I agree, the tipo purpurata's are way ahead of the other variations, large size and such a full set of petals and dark lip. Not sure what else one would try to improve on this, maybe flower count? I guess the only thing left to do is grow it into a monster. 

I am very impressed with your window growing, well done.


----------



## terryros (Jun 4, 2021)

David, I have wondered for a while if 3 generations of select line breeding of a species, followed by a chemical polyploid conversion wouldn’t produce plants/flowers that rivaled many hybrids. When I look at my purpurata that has bloomed and most pictures, I don’t think I would be able to identify your plant as a purpurata! The petals are so wide and the bloom is “full”. It keeps its gorgeous lip.


----------



## monocotman (Jun 4, 2021)

Terry, I agree that it’s surprising that it’s possible to ‘improve’ these species so quickly. 
It would be interesting to hear from the breeders in Brazil as to how it was done. Polyploidy and tetraploid conversion almost certainly helped.
There has certainly been a very concerted attempt at breeding this species by many people in Brazil. 
The array of different colour forms of this species is quite something.
Perhaps Leslie knows more?
I am also surprised that these cattleya species will grow quite so well indoors. They just sit in the windows and are watered and fed normally. They receive no extra help as regards increased humidity or improved air movement. They seem to be quite happy with it. Maybe they would grow better in a greenhouse but I am happy with them and I get to see them everyday without having to go outside or pay extra for heating and other things.


----------



## Guldal (Jun 4, 2021)

David, your purpurata is not only 'select', It's stunning!  And what a gorgeous display on your window sill - kudos for good and floriferous growing!


----------



## SouthPark (Jun 4, 2021)

That is very elegant and so nice ----- the pristine white colour with the magenta.


----------



## abax (Jun 4, 2021)

Excellent David! What a lovely profusion of color and fragrance must greet you in the morning.

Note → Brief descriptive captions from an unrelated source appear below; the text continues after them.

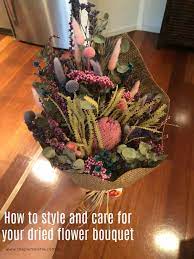 How to take care of dried flowers. 6 Tips To Style And Care For Your Dried Flower Bouquet The Plumbette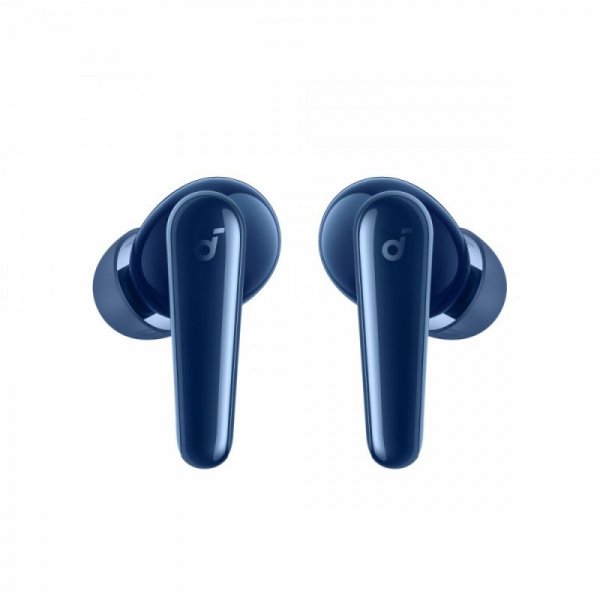 Słuchawki Soundcore Liberty 5 Bluetooth niebieskie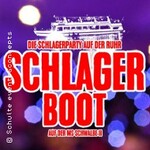 Schlagerboot - Die Party |Auf der Ruhr mit Schlagerstar TIMO & DJ
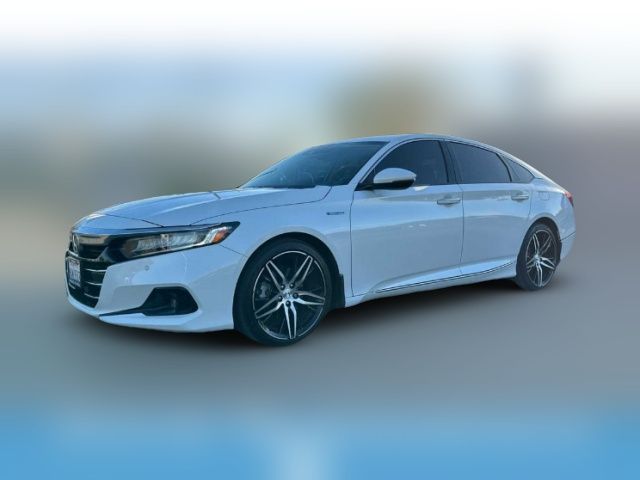 2022 Honda Accord Hybrid Touring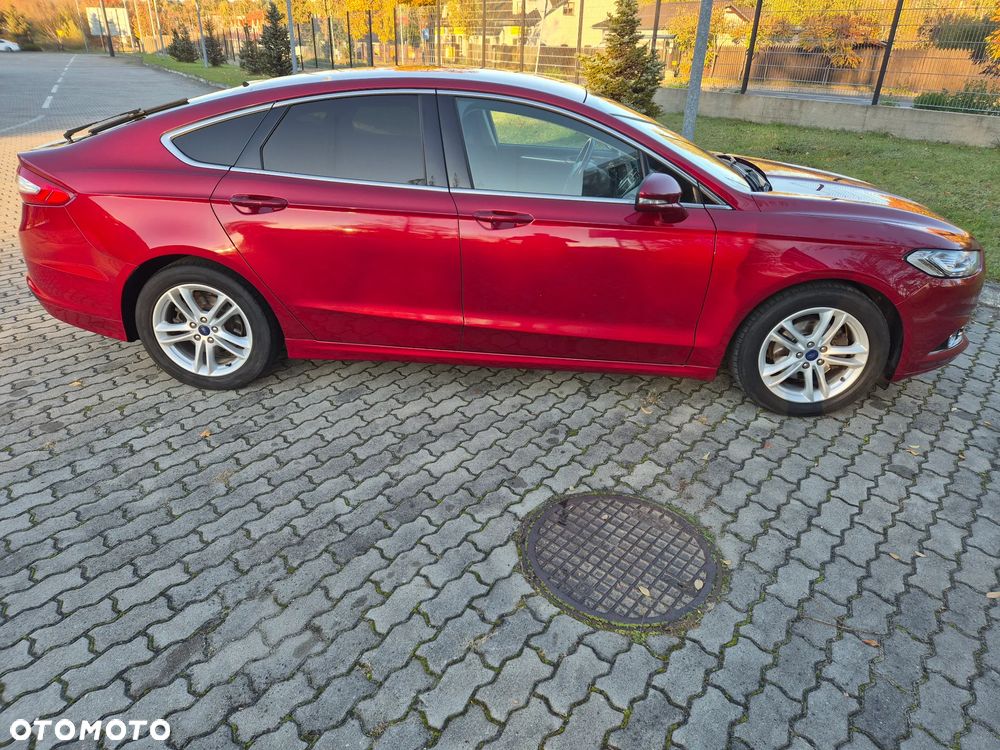 Ford Mondeo 1.5 EcoBoost Titanium - 14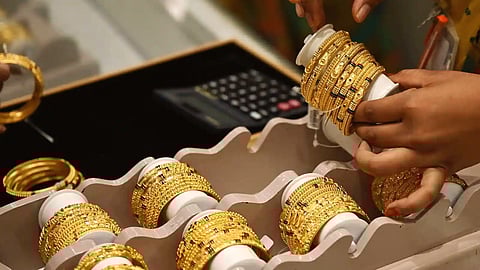 مشغولات ذهبية -أرشيفية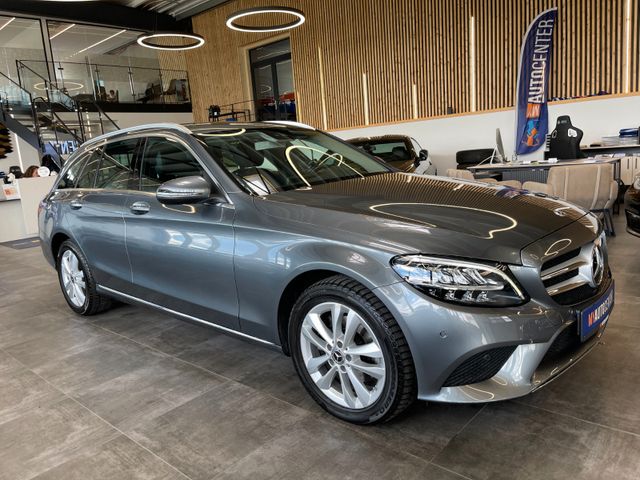 Mercedes-Benz C 200 C -Klasse T-Modell *LED*NAVI*AHK*TEMPOMAT*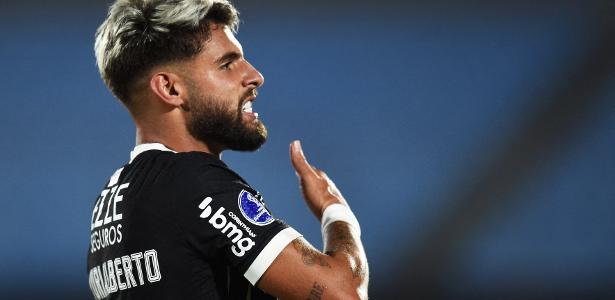 Promessa Yuri Alberto brilha no Corinthians sob comando de António Oliveira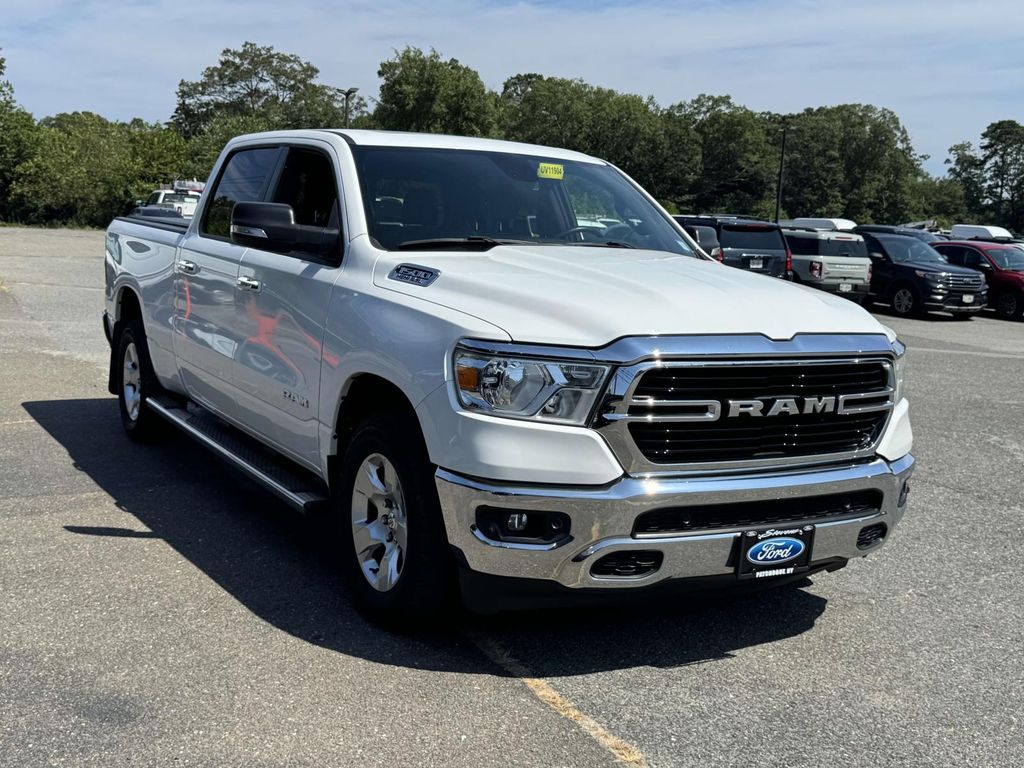 2019 Ram 1500 Big Horn Lone Star photo 2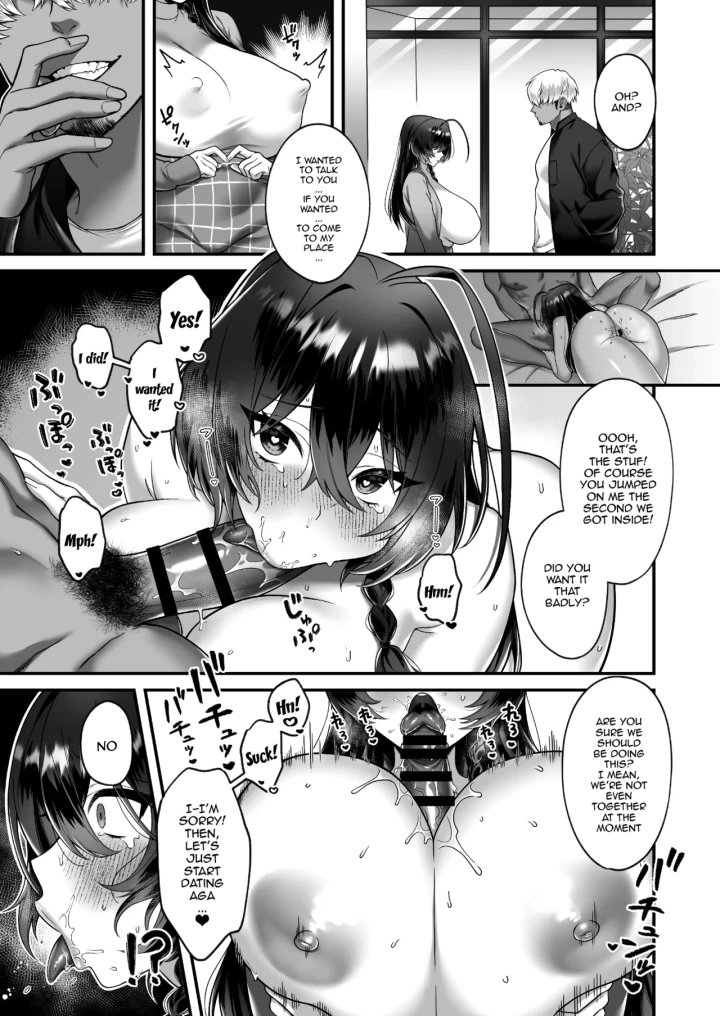 [P Tarou (Doushoku)] I Got A Boyfriend After Moving To The Capital [doujin-moe.us]-33ページ目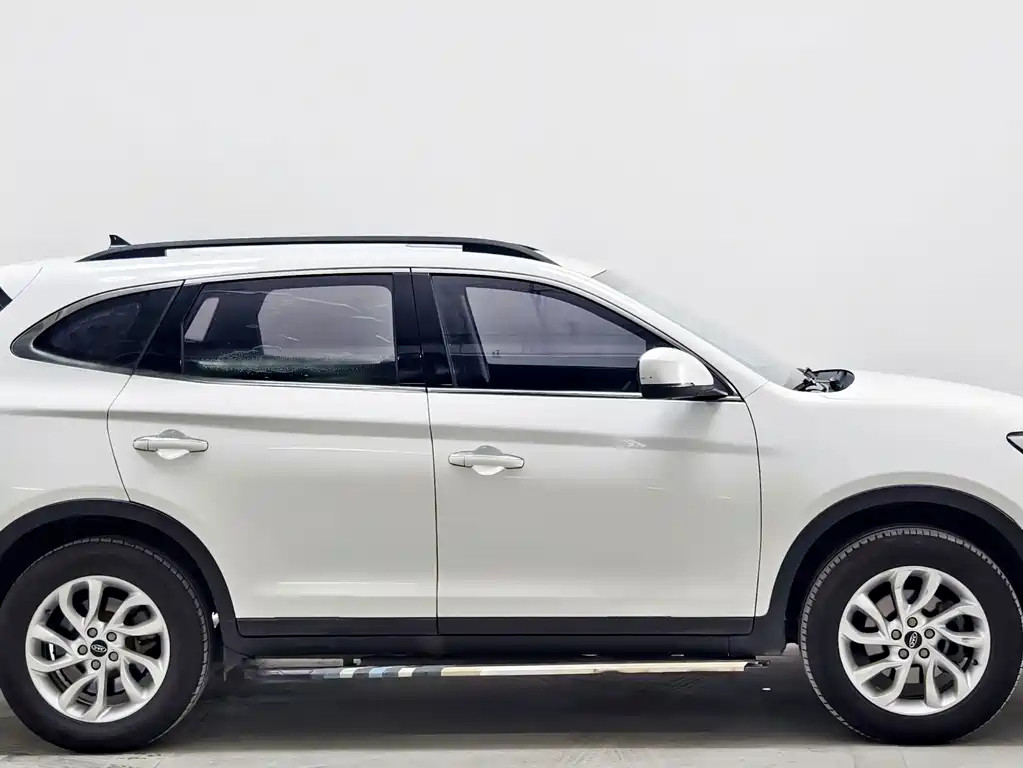 JAC Refine S7 — миниатюра 8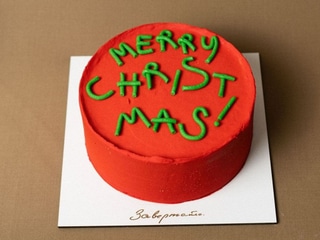 Бенто-торт Мері Крістмас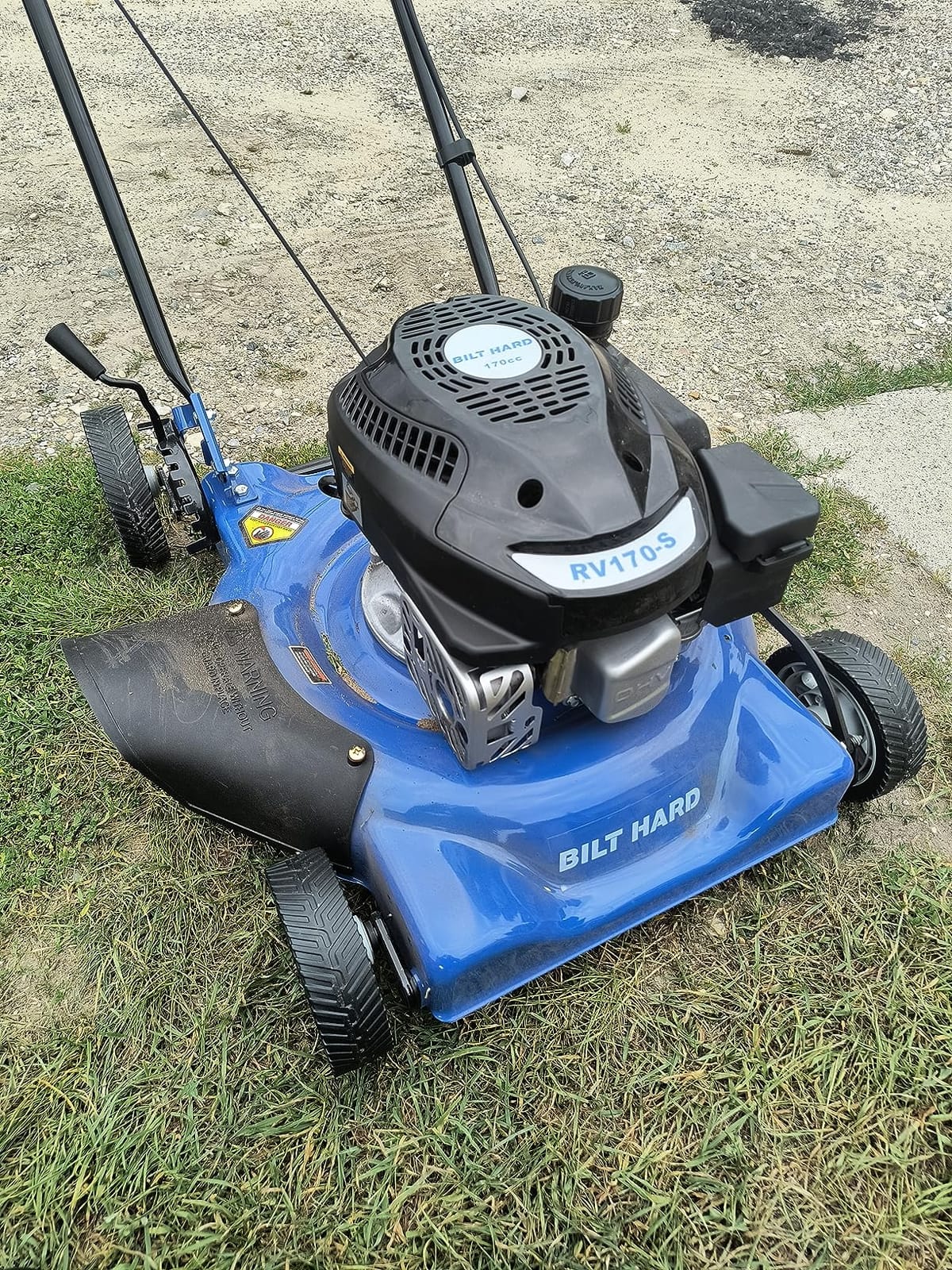 BILT HARD 21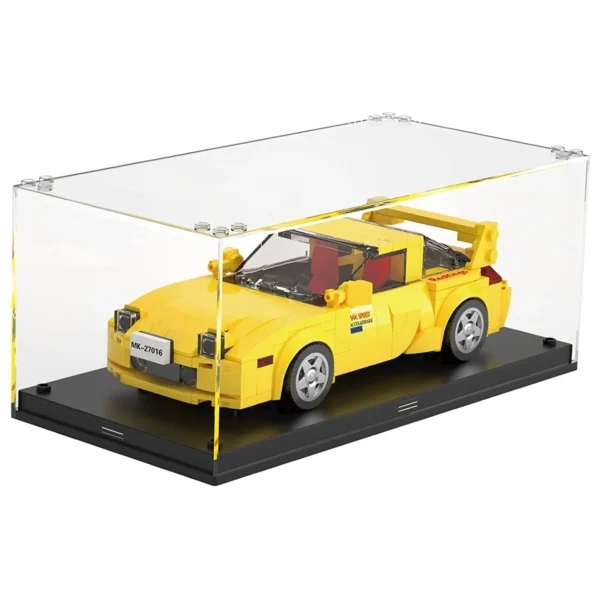 لگو مولدکینگ 27016 ماشین مینیاتوری Mazda RX-7 FC35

Here's something to think about regarding greenhouses. You also don't have to contend
with condensation from the roof splatting your flowers.


----------



## southernbelle (Jun 5, 2021)

David, spectacular display and beautiful specimen. Well done!!


----------



## NEslipper (Jun 5, 2021)

Beautiful! I’m not usually a fan of purpurata because it seems like there’s frequently a lot of tall vegetation for pretty thin, narrow flowers, but this one is spectacular! I would make room for it! Your windowsill is putting on quite the show, congratulations!


----------



## Ozpaph (Jun 6, 2021)

Oh my!! That's a show stopping display.
The purp is truly outstanding. I wish for one like that!


----------



## monocotman (Jun 8, 2021)

Here is a link to an article on the breeding of this species in Brazil By Carols Gomez.
It’s in Portuguese but you can copy and paste the text into a translation website for a good idea of what has gone on.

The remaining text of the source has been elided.